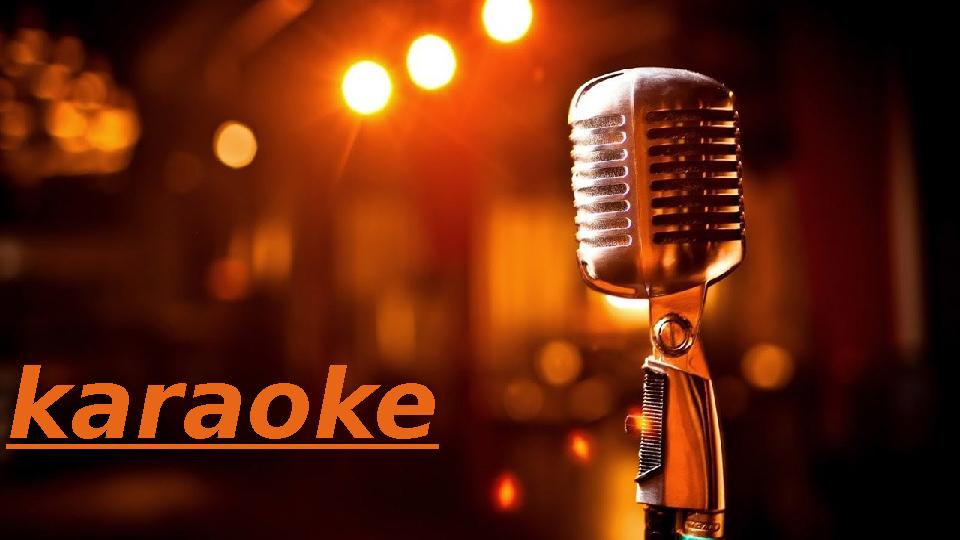 karaoke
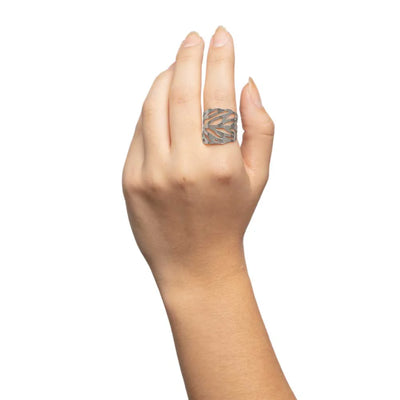 El Poblado Ring Silver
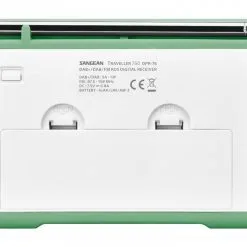 Target Sangean Dab Radio DPR76 Hvit/grønn Traveller 760 340076 -Hus, Hage & Fritid Salg w1200h829 1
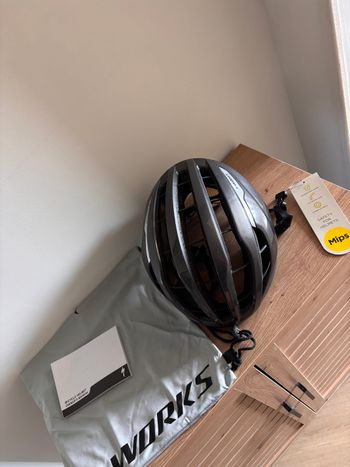 Brugt Specialized S-Works Prevail 3 Helmet bike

════════════════════

Give back the full listing verbatim, skipping each picture.

◆ Task result:
 karaoke
 El Poblado Ring Silver
 Target Sangean Dab Radio DPR76 Hvit/grønn Traveller 760 340076 -Hus, Hage & Fritid Salg w1200h829 1
 Brugt Specialized S-Works Prevail 3 Helmet bike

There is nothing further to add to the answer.